Estava a falar-lhe da prática até agora, se nestes meses tem sentido essa falta de consistência.
Não, porque tenho sentido a capacidade de diálogo com a esquerda parlamentar. Não é a existência de um papel que a torna mais forte. É muito pelo valor da palavra e daquilo que são os compromissos assumidos entre nós.
Recentemente, António Costa falou da necessidade de uma “renovada estabilidade no horizonte da legislatura”. Está claramente a estender a mão à esquerda, que desconfia desta abordagem. O que gostava de perceber é o que vão tentar fazer, em concreto, no Parlamento. É uma reedição formal da geringonça? Há necessidade disso, até por causa desta situação sanitária que referiu?

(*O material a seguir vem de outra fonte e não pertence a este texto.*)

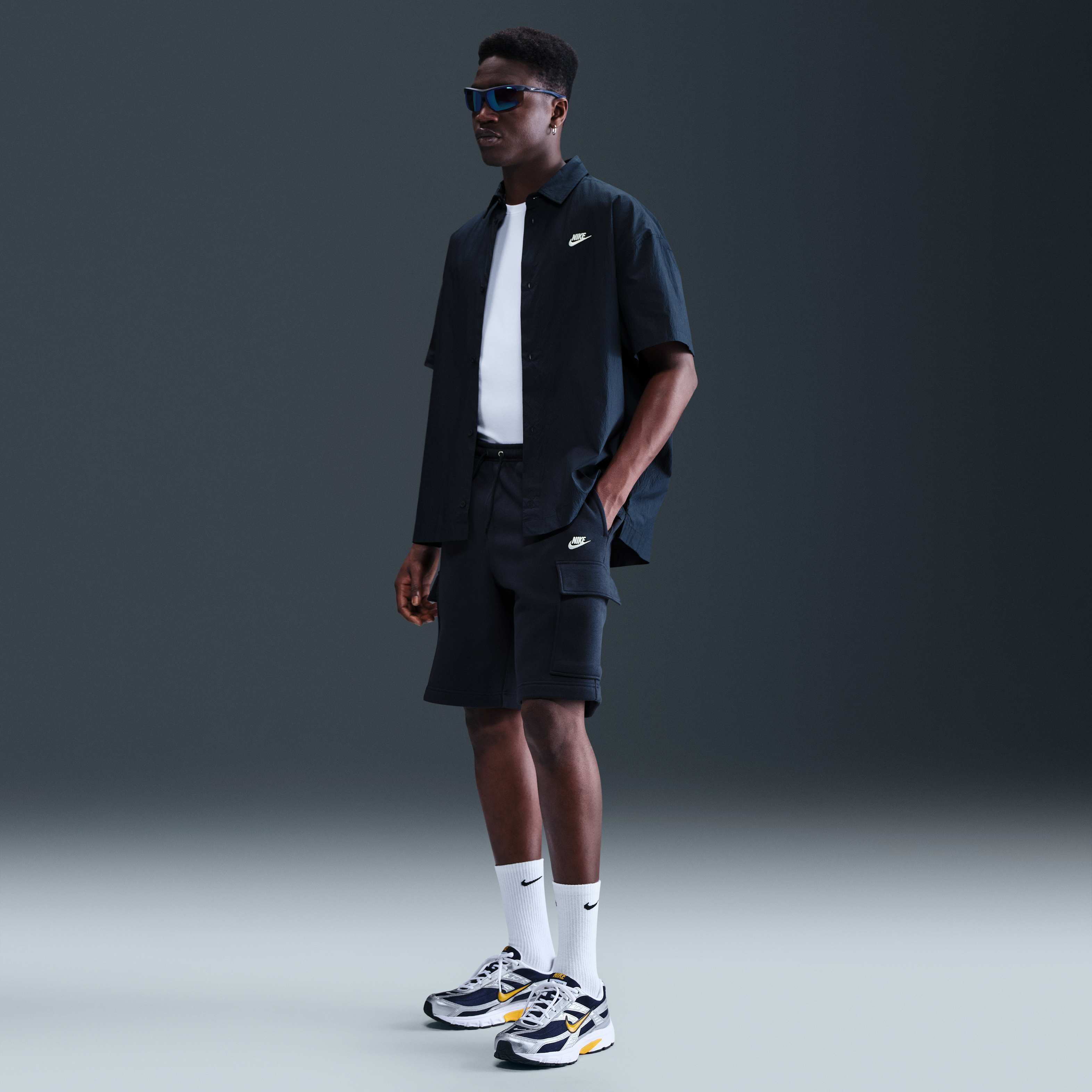 Nike Club image number 0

Temos demonstrado, ao longo dos tempos, no Orçamento de 2020 e no Orçamento suplementar, que a nossa estratégia é prioritária com o encontro à esquerda, rejeitando as medidas austeritárias e ampliando cada vez mais a possibilidade de ter trabalho com dignidade. Por isso mesmo, os trabalhos para o Orçamento de 2021 já começaram, com reuniões com o Bloco de Esquerda, com o PCP, o PEV e com o próprio PAN, no sentido de termos um horizonte de legislatura com estabilidade. A pior coisa que se pode somar à crise sanitária, à crise social é à crise económica é uma crise política, que neste momento não antecipo.
No Orçamento suplementar, geriu as negociações do lado do PS e negociou com ambos os lados. E não foi só com a esquerda. Negociou também com o PSD. Foi mais fácil negociar com o PSD ou com a esquerda?
O que é que diz que eu negociei com o PSD?
O acordo para os sócios gerentes, por exemplo. Ou para o subsídio de desemprego. Houve várias questões.
No Orçamento suplementar, o PS apresentou uma proposta socialmente justa que não tinha sido apresentada por nenhum grupo parlamentar: dar proteção social a todos aqueles que, com as medidas no tempo da emergência e a seguir, não tinham ficado consagrados, ou seja, os trabalhadores informais, os trabalhadores domésticos.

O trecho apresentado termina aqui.